** Recorded data follows **

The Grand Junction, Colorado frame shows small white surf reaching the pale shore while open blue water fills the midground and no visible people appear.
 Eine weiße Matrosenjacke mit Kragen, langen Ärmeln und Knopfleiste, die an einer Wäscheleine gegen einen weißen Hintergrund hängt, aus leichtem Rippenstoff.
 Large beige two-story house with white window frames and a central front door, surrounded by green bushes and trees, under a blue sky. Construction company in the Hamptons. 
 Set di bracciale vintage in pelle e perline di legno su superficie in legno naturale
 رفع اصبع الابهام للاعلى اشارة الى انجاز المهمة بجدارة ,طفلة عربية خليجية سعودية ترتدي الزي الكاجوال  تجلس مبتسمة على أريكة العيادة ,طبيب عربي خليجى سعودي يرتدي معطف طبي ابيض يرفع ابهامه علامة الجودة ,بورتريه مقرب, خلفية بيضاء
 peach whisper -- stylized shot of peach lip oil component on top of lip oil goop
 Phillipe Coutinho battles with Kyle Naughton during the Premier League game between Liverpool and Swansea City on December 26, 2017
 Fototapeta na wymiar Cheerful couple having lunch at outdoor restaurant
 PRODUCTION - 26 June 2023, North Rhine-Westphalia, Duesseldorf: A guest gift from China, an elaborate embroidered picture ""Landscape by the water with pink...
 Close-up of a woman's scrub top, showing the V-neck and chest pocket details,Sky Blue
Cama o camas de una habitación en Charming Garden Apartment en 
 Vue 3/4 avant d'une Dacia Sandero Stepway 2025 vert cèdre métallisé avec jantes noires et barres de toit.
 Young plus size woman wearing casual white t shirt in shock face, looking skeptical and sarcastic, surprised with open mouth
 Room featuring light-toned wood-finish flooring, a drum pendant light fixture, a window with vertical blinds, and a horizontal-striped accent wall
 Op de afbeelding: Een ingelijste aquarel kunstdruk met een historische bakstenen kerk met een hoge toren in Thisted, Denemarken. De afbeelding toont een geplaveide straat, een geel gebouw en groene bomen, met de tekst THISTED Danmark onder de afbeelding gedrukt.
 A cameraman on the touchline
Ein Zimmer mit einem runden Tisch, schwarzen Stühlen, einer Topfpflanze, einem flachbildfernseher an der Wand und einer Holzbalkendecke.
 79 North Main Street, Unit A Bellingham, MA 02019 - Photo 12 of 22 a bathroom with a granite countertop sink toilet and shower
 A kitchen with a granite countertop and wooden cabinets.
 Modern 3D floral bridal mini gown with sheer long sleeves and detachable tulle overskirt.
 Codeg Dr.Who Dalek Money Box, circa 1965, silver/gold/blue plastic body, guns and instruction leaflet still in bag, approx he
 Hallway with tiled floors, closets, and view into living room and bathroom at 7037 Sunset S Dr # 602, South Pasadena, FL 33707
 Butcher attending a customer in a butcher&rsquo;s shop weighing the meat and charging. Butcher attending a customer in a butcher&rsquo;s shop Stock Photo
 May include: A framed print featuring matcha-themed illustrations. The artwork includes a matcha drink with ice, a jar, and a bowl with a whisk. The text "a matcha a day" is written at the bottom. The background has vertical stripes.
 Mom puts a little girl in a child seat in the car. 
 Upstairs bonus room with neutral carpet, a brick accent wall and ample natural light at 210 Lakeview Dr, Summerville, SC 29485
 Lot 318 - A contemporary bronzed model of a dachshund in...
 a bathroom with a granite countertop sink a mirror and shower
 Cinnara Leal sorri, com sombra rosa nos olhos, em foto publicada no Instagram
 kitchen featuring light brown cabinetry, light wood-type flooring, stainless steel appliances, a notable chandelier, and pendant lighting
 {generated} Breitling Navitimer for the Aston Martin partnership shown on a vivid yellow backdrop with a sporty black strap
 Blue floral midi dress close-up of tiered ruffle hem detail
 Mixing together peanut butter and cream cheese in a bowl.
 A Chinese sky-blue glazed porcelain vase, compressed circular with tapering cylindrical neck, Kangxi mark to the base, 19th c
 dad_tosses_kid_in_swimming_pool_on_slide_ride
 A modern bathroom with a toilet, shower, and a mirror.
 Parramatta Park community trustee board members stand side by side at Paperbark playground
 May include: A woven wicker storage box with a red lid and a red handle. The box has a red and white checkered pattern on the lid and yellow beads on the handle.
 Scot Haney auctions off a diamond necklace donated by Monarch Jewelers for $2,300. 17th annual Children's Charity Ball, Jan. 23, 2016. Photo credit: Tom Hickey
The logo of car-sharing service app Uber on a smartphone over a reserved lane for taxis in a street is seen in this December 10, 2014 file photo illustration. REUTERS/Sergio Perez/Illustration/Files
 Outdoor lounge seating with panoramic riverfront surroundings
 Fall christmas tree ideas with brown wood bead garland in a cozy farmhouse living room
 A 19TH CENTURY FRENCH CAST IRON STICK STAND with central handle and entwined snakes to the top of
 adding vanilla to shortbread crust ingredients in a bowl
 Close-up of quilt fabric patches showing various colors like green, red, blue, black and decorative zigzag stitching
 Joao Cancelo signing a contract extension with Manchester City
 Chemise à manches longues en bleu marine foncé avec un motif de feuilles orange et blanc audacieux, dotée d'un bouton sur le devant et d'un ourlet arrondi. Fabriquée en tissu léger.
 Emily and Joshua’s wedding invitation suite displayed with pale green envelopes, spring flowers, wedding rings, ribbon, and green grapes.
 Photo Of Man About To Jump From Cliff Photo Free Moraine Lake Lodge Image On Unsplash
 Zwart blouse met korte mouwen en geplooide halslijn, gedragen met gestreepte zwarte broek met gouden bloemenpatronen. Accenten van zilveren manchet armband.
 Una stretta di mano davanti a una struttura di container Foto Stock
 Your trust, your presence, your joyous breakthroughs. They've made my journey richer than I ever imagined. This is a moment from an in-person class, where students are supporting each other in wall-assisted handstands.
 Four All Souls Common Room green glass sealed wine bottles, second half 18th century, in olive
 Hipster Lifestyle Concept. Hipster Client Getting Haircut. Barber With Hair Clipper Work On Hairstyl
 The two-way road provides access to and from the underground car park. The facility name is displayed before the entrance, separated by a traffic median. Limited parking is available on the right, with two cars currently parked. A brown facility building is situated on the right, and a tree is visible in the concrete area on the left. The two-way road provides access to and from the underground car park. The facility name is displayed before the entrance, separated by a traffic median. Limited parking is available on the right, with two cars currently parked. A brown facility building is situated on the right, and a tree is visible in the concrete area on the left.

** End of Recorded data **

- _Task_: Give back, unchanged, the run of lines in the listing above that begins at the line containing "Mixing together peanut" and ends at the line containing "May include: A woven", both included.

- _Task solution_:
 Mixing together peanut butter and cream cheese in a bowl.
 A Chinese sky-blue glazed porcelain vase, compressed circular with tapering cylindrical neck, Kangxi mark to the base, 19th c
 dad_tosses_kid_in_swimming_pool_on_slide_ride
 A modern bathroom with a toilet, shower, and a mirror.
 Parramatta Park community trustee board members stand side by side at Paperbark playground
 May include: A woven wicker storage box with a red lid and a red handle. The box has a red and white checkered pattern on the lid and yellow beads on the handle.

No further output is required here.